Tuesday, October 7, 2008

Survivor Africa Week 1 Part 2

When we left off, Jeff had just extinguished the ugly inside and out Michelle's torch. Team Fang headed back to camp with GC as it's new leader. Next morning GC starts to lead, giving out a few orders and Crystal just stands around with a "what choo talking 'bout" look on her face. Ever positive Randy announces it's time for the "let everyone crash and burn" while I stand around looking stupid strategy.

During the next night, the elders (Randy and Colleen) are snoring up a storm and GC gets up to do the laundry. Next, a few of the others join him and sit around the ol campfire talking. Colleen busts on them that there's time enough in the daytime for talking, let me sleep. (Karen, I did in fact, think of you...) Funny, I always thought old people didn't need as much sleep. GC gets pissed and quits as leader.

Over on Kota, Marcus, Charlie, Jacque and Corrine form an alliance. Corrine is living up to her self proclaimed "bitch".

Challenge Time: It's called Rolling Stone but it is really Rolling Ball of Paper Mache. Funny how they found 2 boulders with the exact, perfectly round shape, one with red and one with orange squares glued on them. Fang shows up wearing charcoal war paint to inspire themselves. Wanna know what you're playing for? Immunity up for grabs plus fishing gear. Ok, first of all, all we see is wild animals roaming around, and 2 small alligator filled ponds, and they give them fishing gear? C'mon, haul out the rifles and bullets and let's have some real eating.

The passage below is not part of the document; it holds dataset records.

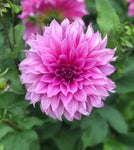 Dahlia 'Café Au Lait Rose' decorative dinnerplate flowered - 2, 3 or 5 tubers - Free delivery within the UK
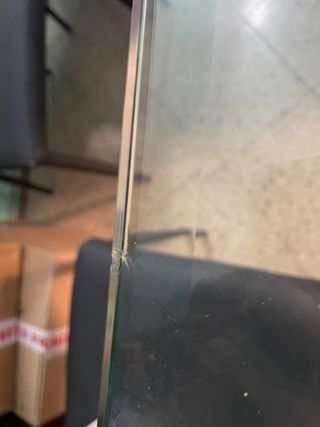 Mesa de mármol italiano y cristal precio negociabl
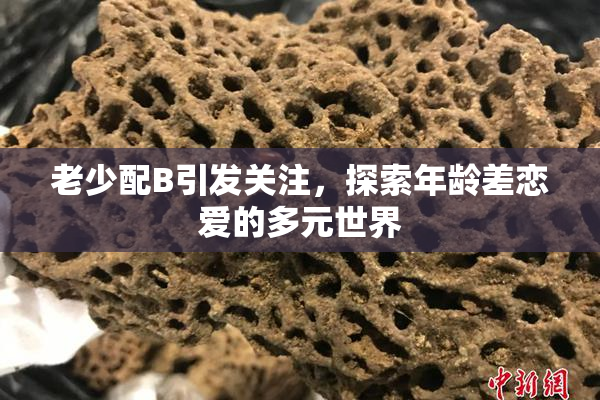 老少配B引发关注，探索年龄差恋爱的多元世界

Both teams push the paper mache balls through some gates, climb up and get some keys, unlock some padlocks and then have to roll the balls into little bamboo squares. Kota does a better job of acting like the ball is really heavy and is rewarded with the win. Dan is sent to exile "island" (yes, my husband did wake up and say, "wait, there are islands in the middle of Africa??).

Once on exile, he gets to chose a clue or comfort (which, in my mind, an apple and an open air hut is not comfort). He chooses a clue which states he has to look in the sandy crater across the way. Um, I'm not any big genius, but I believe by the use of the words "sandy crater" would have indicated it wasn't in the middle of the lake. Idiot. He then proceeds to dig in the grass randomly, just like my dog does.

Back at Fang, Colleen is still blowing smoke up their butts: "I know we lost but we're getting better". Although I want to, I'll skip giving you all the "this kind of false self esteem bullcrap is what's wrong with America" speech this time-but know it's coming. Knowing someone has to go, Colleen and Susie discuss how the young 'ums are going to start kicking off the elderly. Randy manages to use his reading glasses to make a fish hook and catches a fish. The Fang tribe declares themselves "survival experts".

Dan drags his butt back from exile and is really out of it. The others think he's acting strangely and believe he found the idol. What a friggin joke. At tribal council Dan dumps his back to prove that he does not have it. In the end, Gillian is voted off. Randy looks pleased.